Grover Norquist has way too much free time on his hands.
Conservative activist Grover Norquist is seeking a trademark on "K Street Project," saying Democrats and Majority Leader John Boehner (R-Ohio) have wrongfully acquired the term to describe unethical practices that have nothing to do with his organization.
Far from running away from the term, as most other Republicans have since January, when lobbyist Jack Abramoff agreed to plead guilty to corruption charges, Norquist is embracing it.
Norquist said he founded the K Street Project in 1989 to bring ideological balance to lobbying firms. His group distributes weekly jobs bulletins by e-mail to 250 subscribers.

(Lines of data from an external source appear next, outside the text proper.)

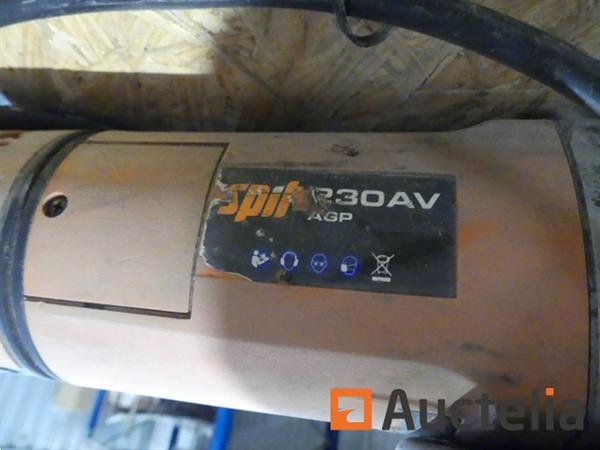 Grote foto ref 9147009 145 spit 230av agp grinder ref 7502 184 doe het zelf en verbouw onderdelen en accessoires
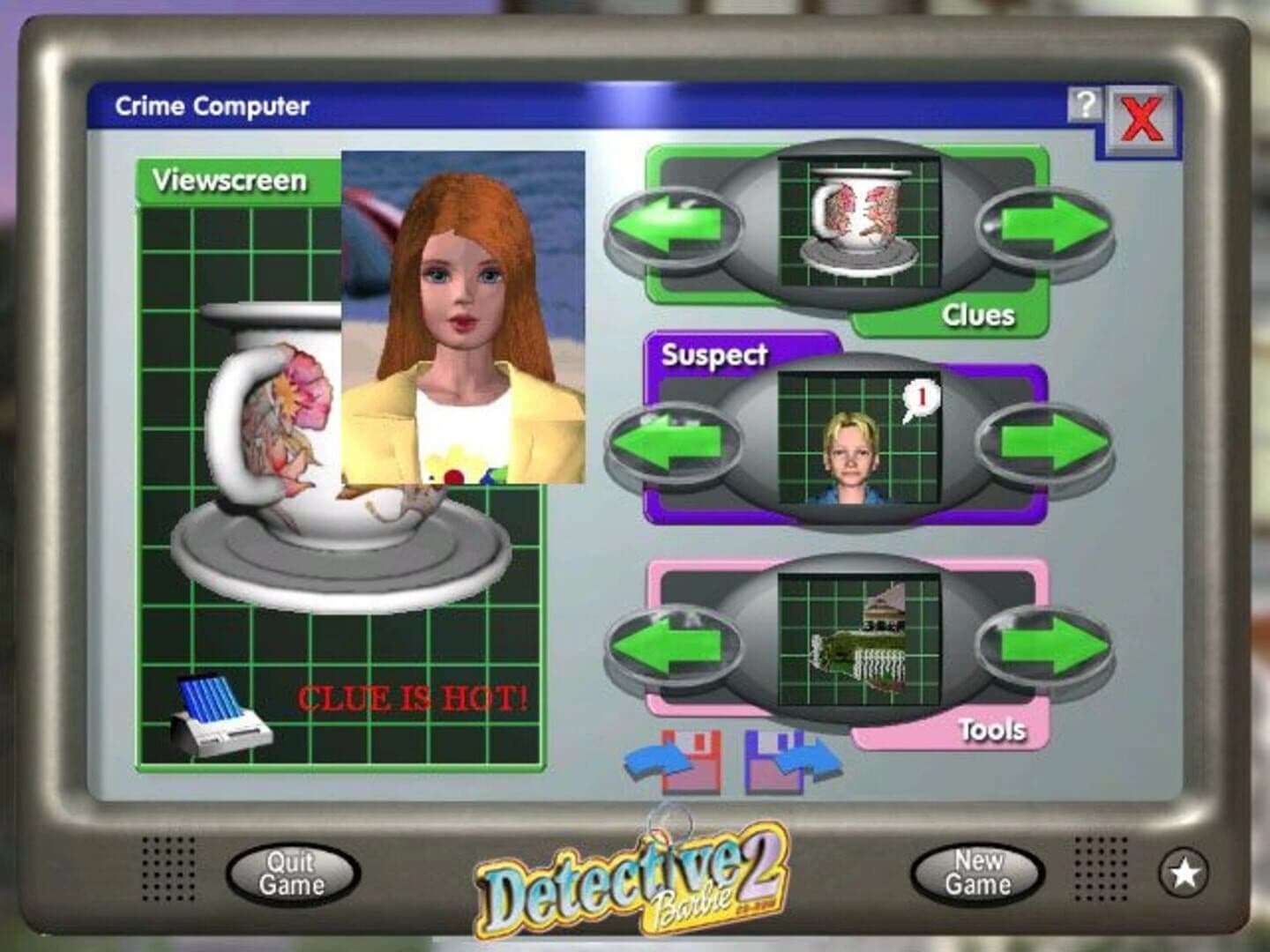 Detective Barbie 2: The Vacation Mystery screenshot 4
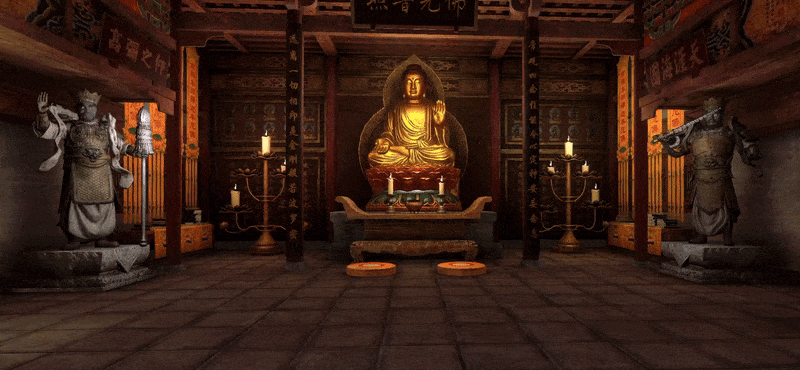 图片[2]-【模拟逃脱/中文/3D】《3D逃脱中国房间 3D Escape: Chinese Room》BUILD 16454911官方中文【1.1G/新作】-嘤嘤怪之家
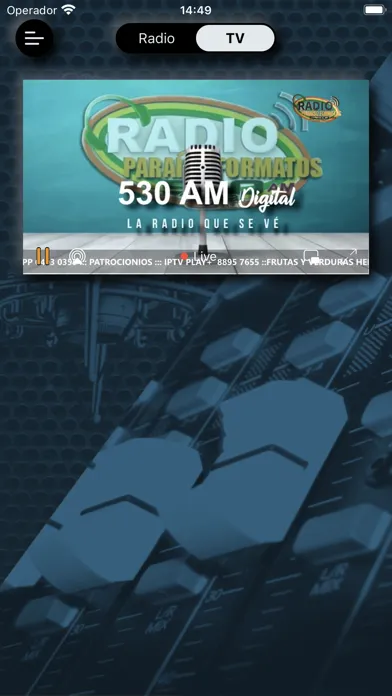 Radio Paraíso Formatos 530 AM Screenshots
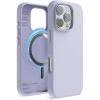 imageelago Magnetic Silicone Case Compatible with iPhone 16 Pro Max Case 69 Inch Compatible with All MagSafe Accessories  Builtin Magnets Soft Grip Silicone Shockproof StonePurple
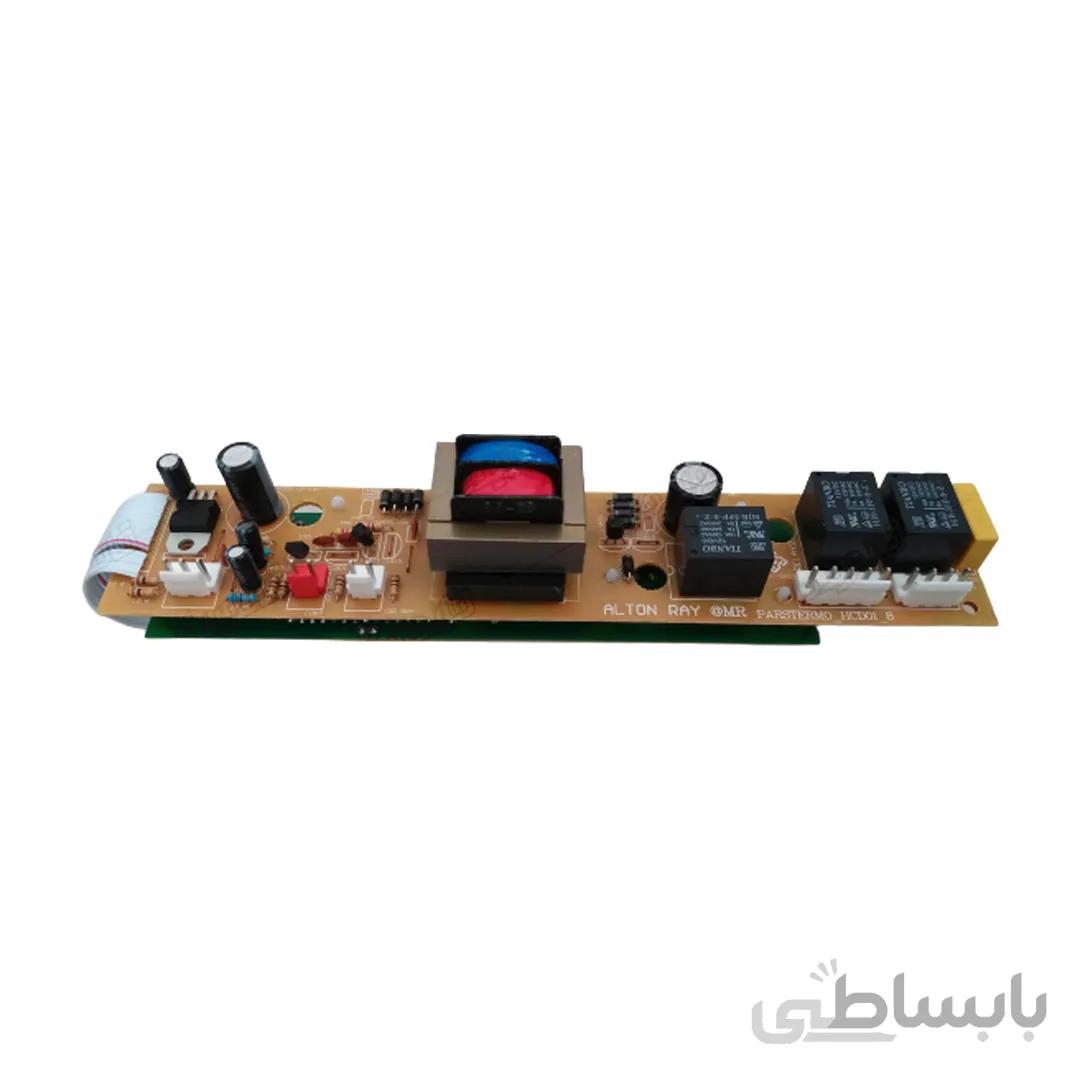 برد الکترونیکی یخچال پارس و نفراست 140 سه دکمه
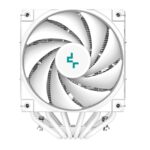 DeepCool AK620 WH Fan CPU Cooler, Universal Socket, 6 Heat Pipes, 260W , White Edition - Image 2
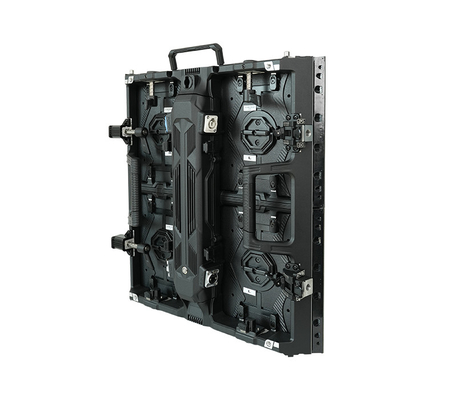 500X500 मिमी इनडोर IRC रेंटल एलईडी डिस्प्ले 7680Hz IP40/IP21 डाई-कास्टिंग एल्यूमीनियम के साथ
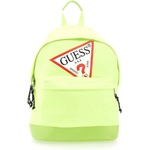 Guess Електрикава раница с контрастно лого Guess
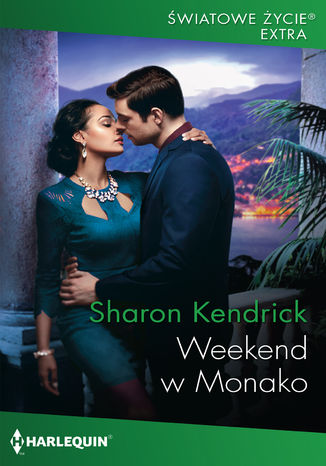 Weekend w Monako Sharon Kendrick - okladka książki
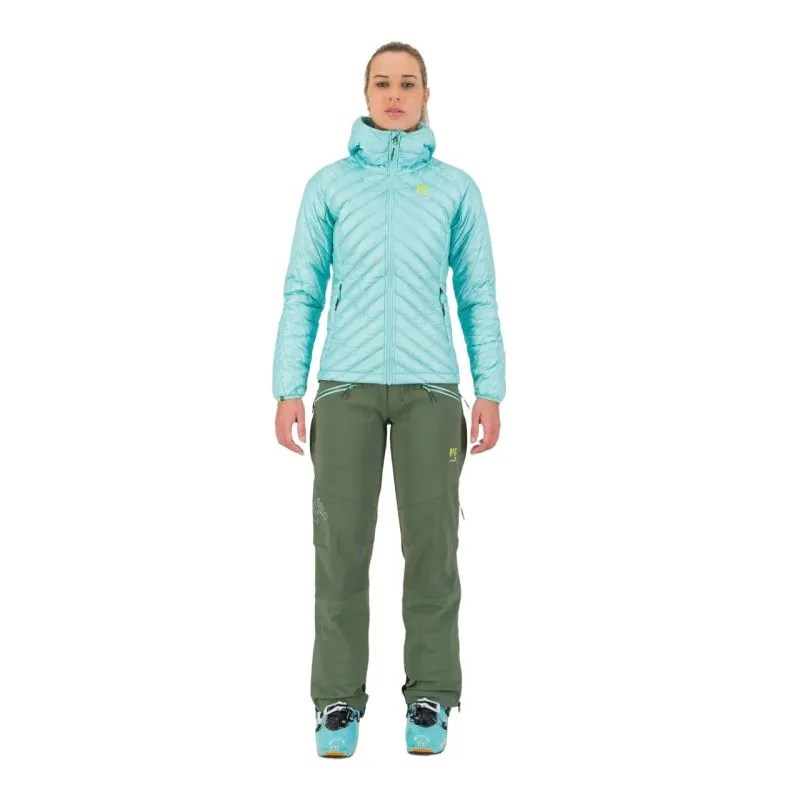 Piumino donna Karpos SAS PLAT W JKT (AQUA SKY)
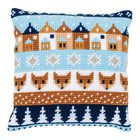 DIY Cross stitch cushion kit 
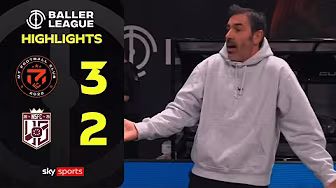 N5 FC DEFEATED in top of the table clash! | Baller League Highlights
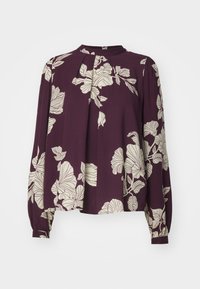 VISIGNE - Pitkähihainen paita - plum perfect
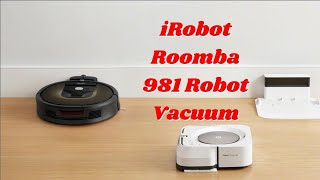 iRobot Roomba 981 Robot Vacuum-Wi-Fi Connected Mapping, Works with Alexa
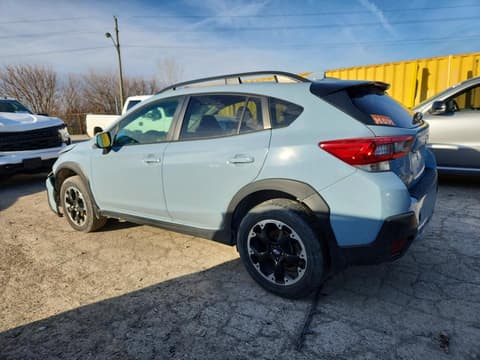 2021 Subaru Crosstrek, VIN JF2GTACC1M9337006. Фото 2 з 6 з аукціону Copart. Каталог авто зі США OpenDataCar.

This week's bulletin is a 75-page dossier with positions at the Federal Election Commission, Merrill Lynch, the American Health Care Association, WellPoint and Home Depot.
Norquist said, "We argued to K Street - to trade associations, Fortune 500 companies, the Chamber of Commerce, National Association of Manufacturers - you should hire people who agree with you philosophically. That means, labor unions, you should hire liberals."
But the phrase "K Street Project" has since come to encompass a nefarious practice of Republican lawmakers pressuring groups to hire right-leaning employees; Rep. Tom DeLay (R-Texas) was admonished by the House ethics committee for doing so in 1998.
Norquist's trademark application could take up to a year and a half to be processed.
"Some people say Kleenex when they mean tissue," Norquist said. "We will jealously guard the real phrasing the way Kleenex and Coca-Cola do. We will sue anyone who says it wrong and make lots of money."